There has been a dramatic fall in the profits of Bank of Valletta, and of American, British and Swiss banks. The same has not happened with the recently floated International and Commercial Bank of China (ICBC), currently the leader of China's stock exchange and the world's biggest bank.

This fall has been undoubtedly due to a decline in ethical standards. Lord Evelyn Rothschild, who belongs to a banking dynasty which during the last 200 years has been, along with J.P. Morgan, a mainstay of Western capitalism has written so much in the Financial Times. The burning importance of Sir Evelyn's words has to be seen in conjunction with the rather unsuitable statement coming from Marcus Agius, the Barclays chairman, about the capital ratios in the banking system reported in the Daily Telegraph.

Agius is a part of the Rothschild family not only because of his marriage to Edmund Rothschild's daughter, but also because he has had a meteoric, hard-working career with Lazards. These can be considered to be, if not brothers to the Rothschild's, at least their cousins, within the great western banking fraternity. Agius has stated that a Tier I capital ratio of about five per cent was adequate for Barclays when the European average was 6.5 per cent, and that of HSBC eight per cent. The FT's Lex column laughed at his statements and pointed to the funny behaviour of the Barclays share price.

This was indicative of a serious loss of credibility of Agius' bank with investors. At the last Barclays shareholders' meeting, Agius said that there was no 'religion' with regard to banking ratios. They were unfortunate words, coming as they did at a time when there is obviously a banking blizzard blowing over American, British and Swiss banks. It is not ethical on the part of the bank to solicit deposits, while being inadequately supplied with the capital required to withstand a run.

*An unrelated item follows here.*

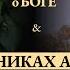 НЕВОЛИНА Лена о Хрониках Акаши искренности вселенском информационном поле Источнике и проводнике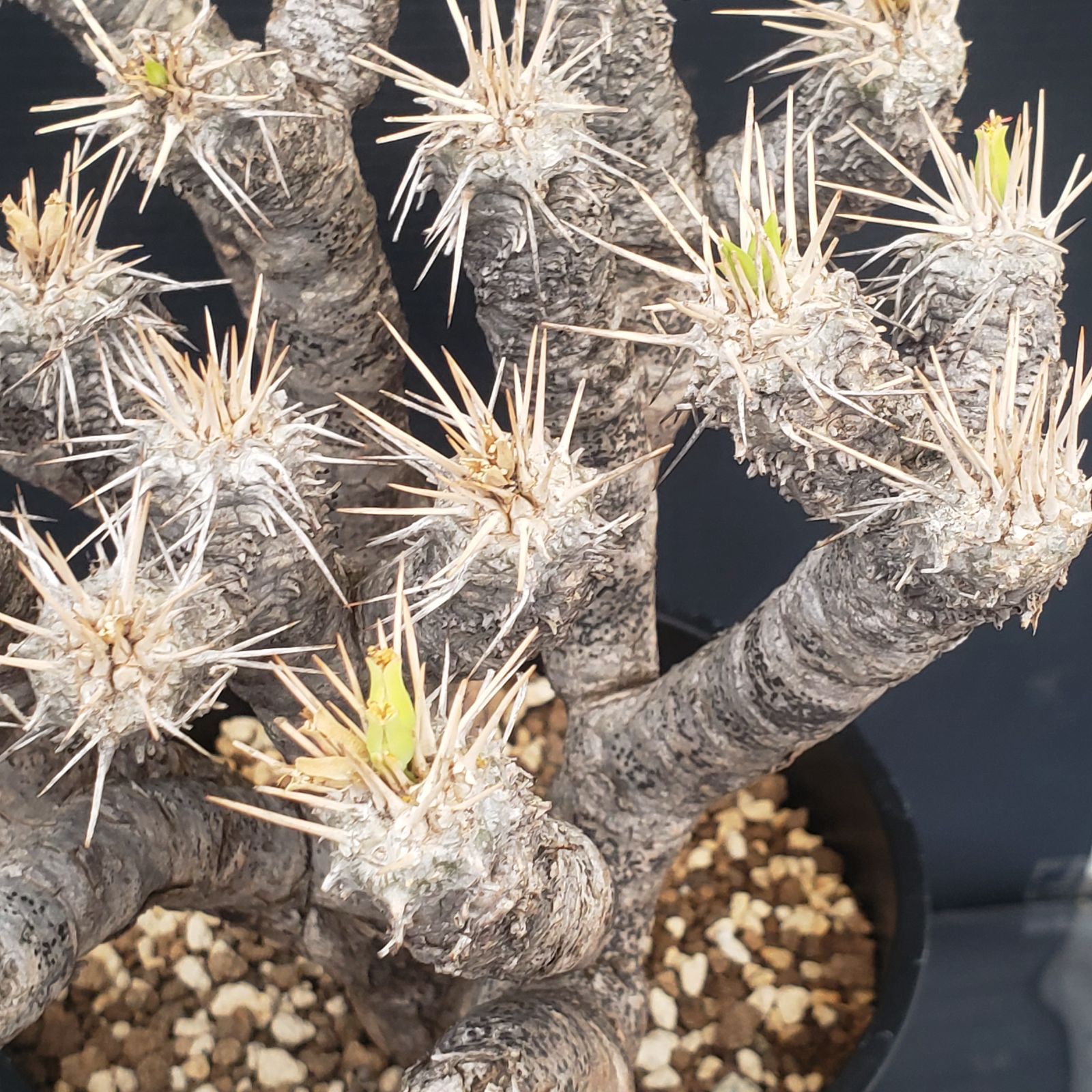 T125【自社養生株】ユーフォルビア ギラウミニアナ（現地球・発根株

There is nothing worse than banking personalities, especially if they are Agius, making statements which are almost immediately contradicted by concrete measures. People are fed up with banks and analysts making fools of themselves. The ethics of transparency demands that investors feel confident in the integrity of bank declarations and of analysts' forecasts.

Lack of transparency breeds fear, and when an economic blizzard blows, there is nothing more to be feared than 'fear' itself.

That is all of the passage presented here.